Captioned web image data
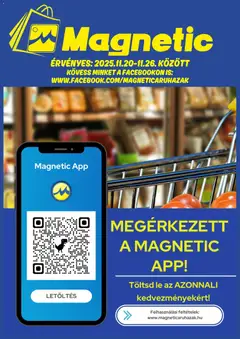 Magnetic Akciós újság - amely érvényes a következő dátumtól: 20.11.2025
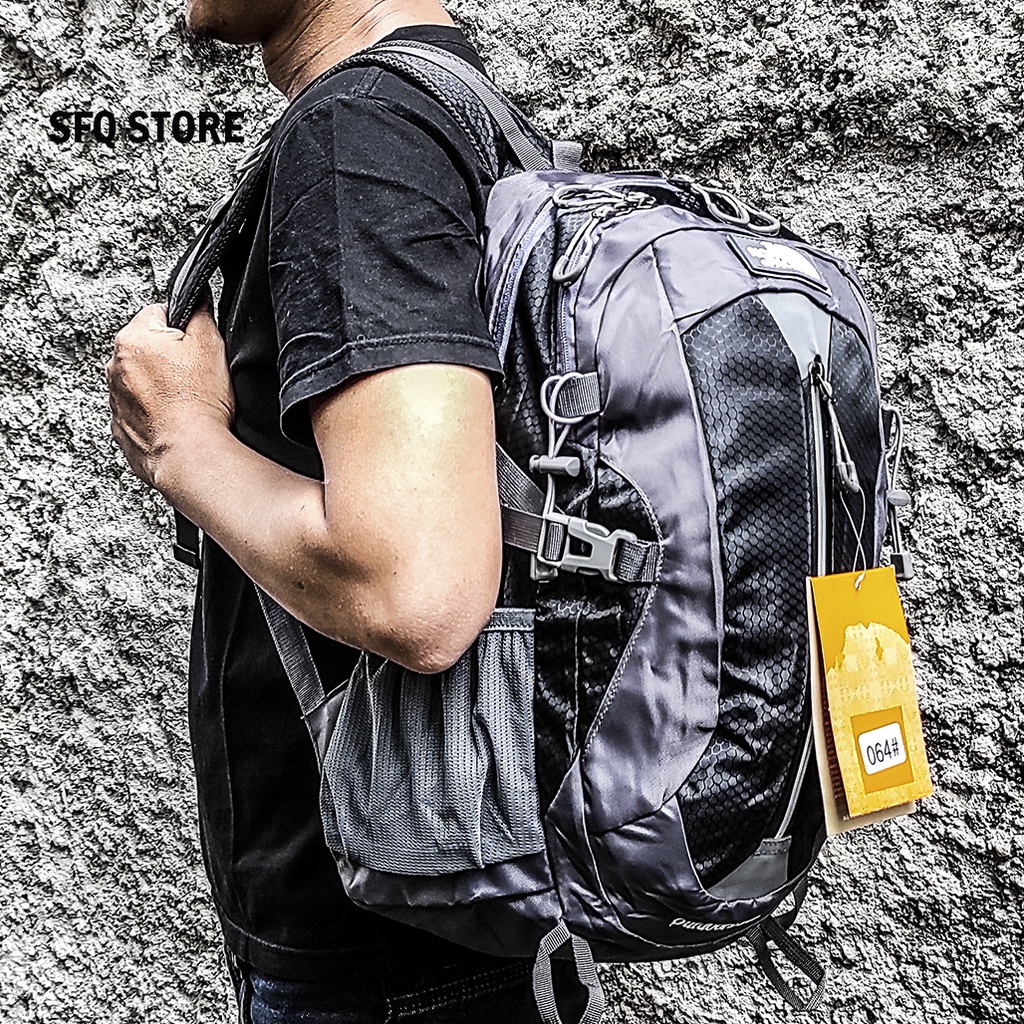 Tas Gunung TNF Outdoor Kapasitas 30 Liter Ransel Hiking Impor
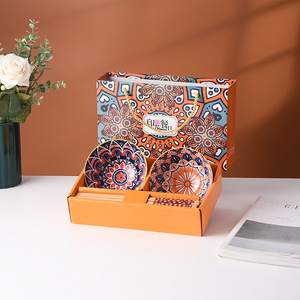 Hot bán Bohemian gốm 4.5 "bát đồ đá 11.5 cm Bát đồ ăn bằng gốm Bát - Product Image 1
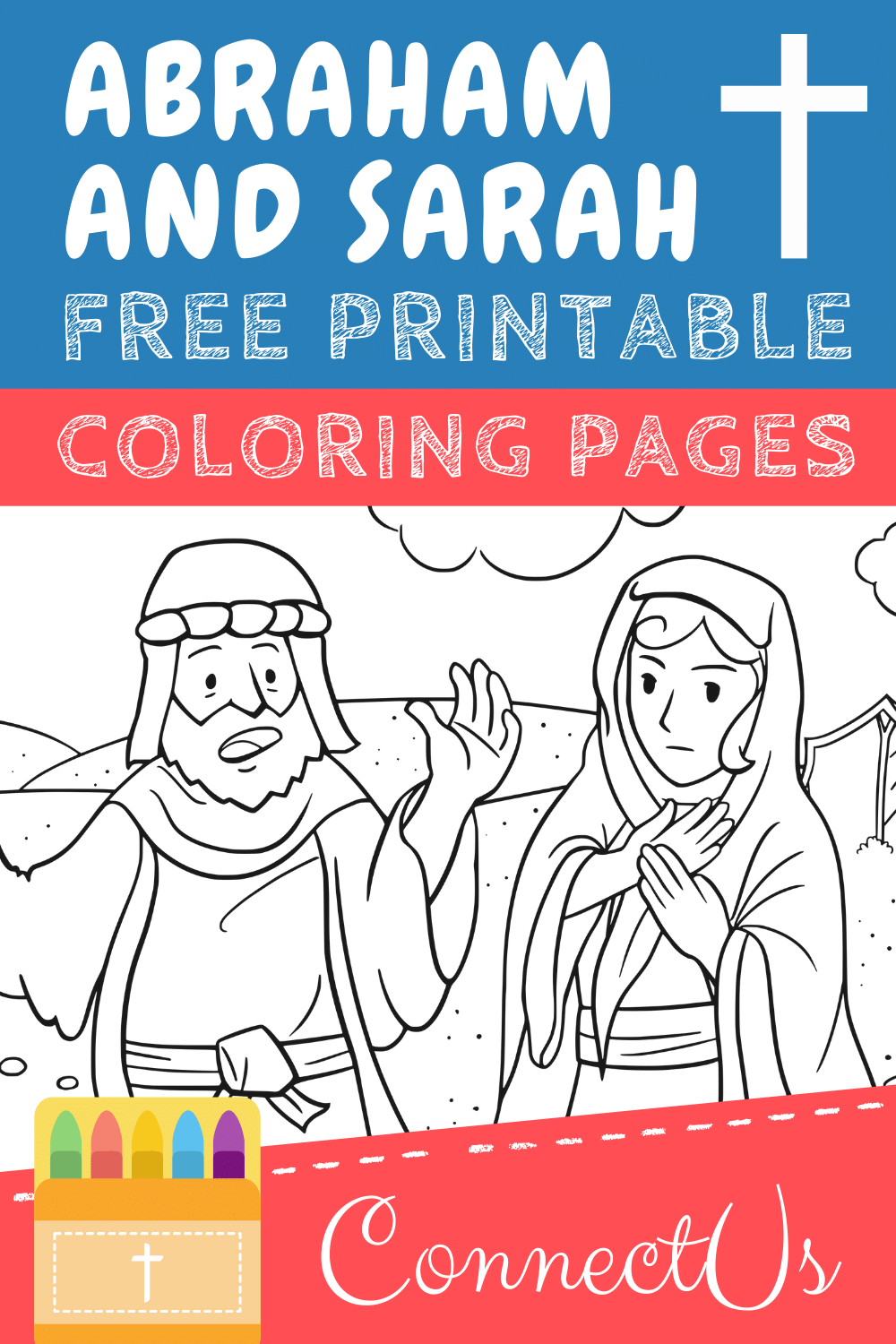 coloring pages of abram and sarai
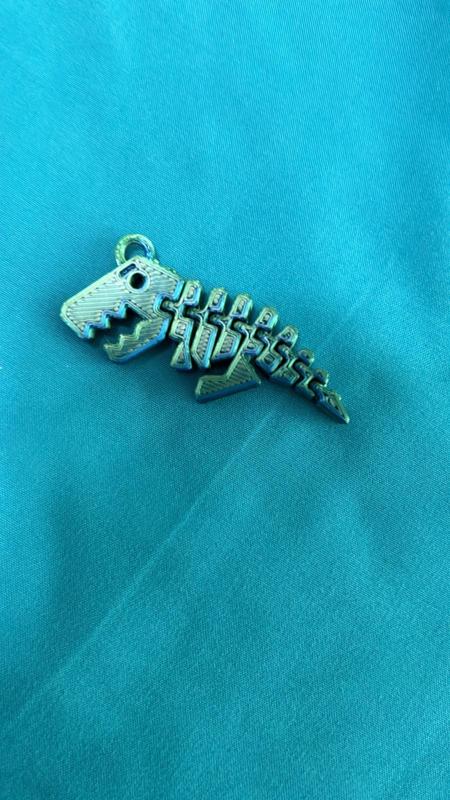 Flexi-rex with keychain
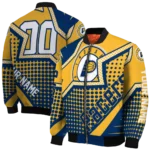 personalized indiana pacers star burst blue bomber jacket best selling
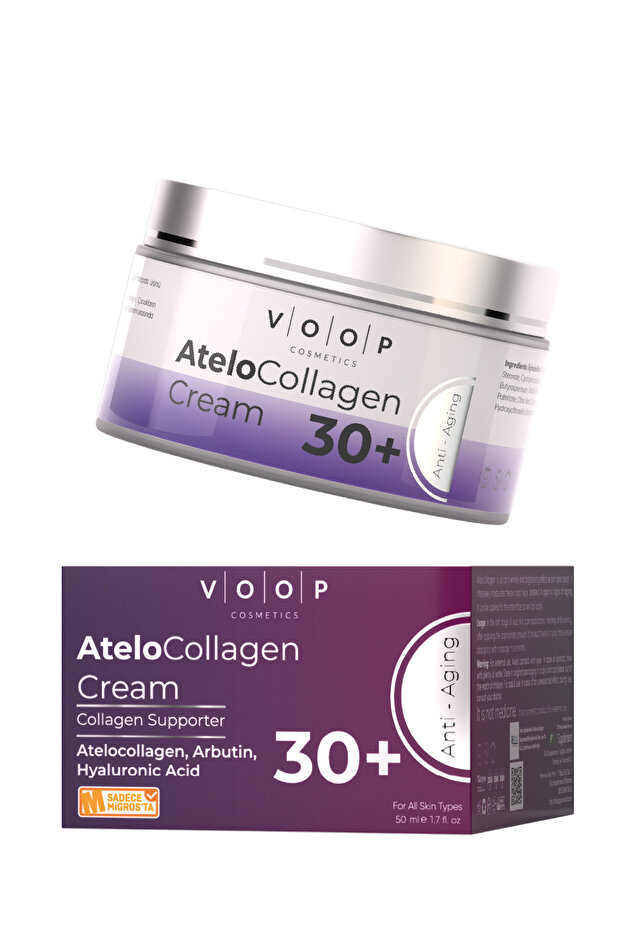 Atelocollagen Anti-Aging Anti-Wrinkle and Brightening Skin Care Cream 30+
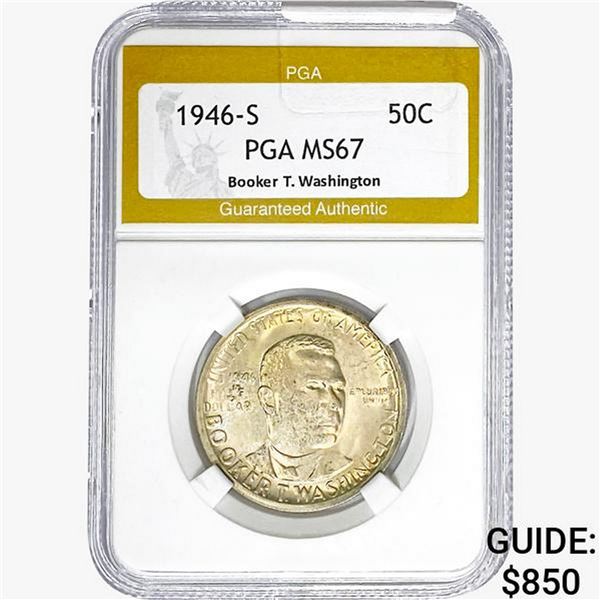 1946-S Booker T Half Dollar PGA MS67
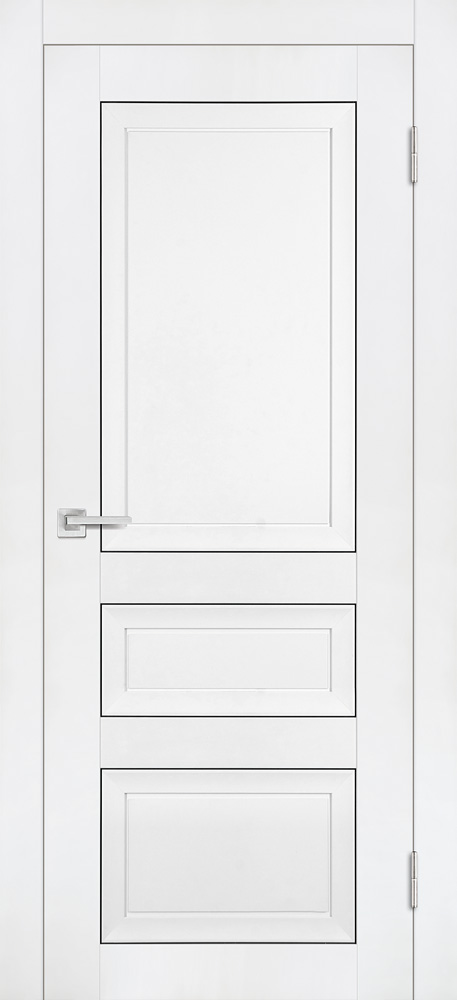 Двери ЭКОШПОН, ПВХ PROFILO PORTE PST-30 глухое белый бархат размер 190 х 60 см. артикул F0000091209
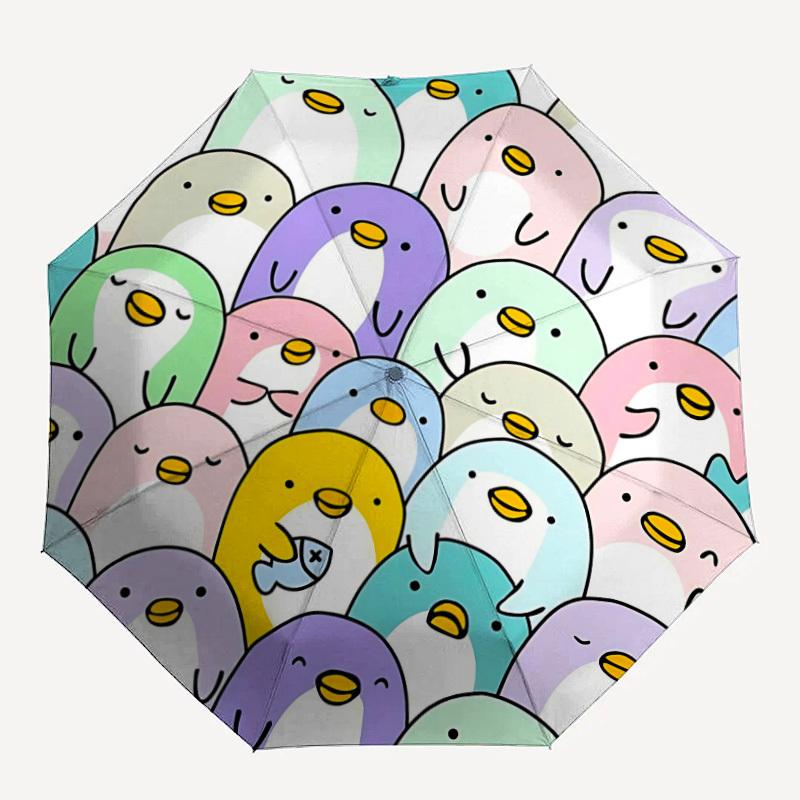 1pc Penguin Parade Automatic Open/Close, 8-Rib Durable Frame, Compact Folding, Elegant Man/Women s Travel079
1pc Penguin Parade Automatic Open/Close, 8-Rib Durable Frame, Compact Folding, Elegant Man/Women s Travel079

*WHAT THE EXERCISE ASKS*: Restate, word for word, the entries above, dropping any picture.

*EXERCISE ANSWER*:
 Magnetic Akciós újság - amely érvényes a következő dátumtól: 20.11.2025
 Tas Gunung TNF Outdoor Kapasitas 30 Liter Ransel Hiking Impor
 Hot bán Bohemian gốm 4.5 "bát đồ đá 11.5 cm Bát đồ ăn bằng gốm Bát - Product Image 1
 coloring pages of abram and sarai
 Flexi-rex with keychain
 personalized indiana pacers star burst blue bomber jacket best selling
 Atelocollagen Anti-Aging Anti-Wrinkle and Brightening Skin Care Cream 30+
 1946-S Booker T Half Dollar PGA MS67
 Двери ЭКОШПОН, ПВХ PROFILO PORTE PST-30 глухое белый бархат размер 190 х 60 см. артикул F0000091209
 1pc Penguin Parade Automatic Open/Close, 8-Rib Durable Frame, Compact Folding, Elegant Man/Women s Travel079
1pc Penguin Parade Automatic Open/Close, 8-Rib Durable Frame, Compact Folding, Elegant Man/Women s Travel079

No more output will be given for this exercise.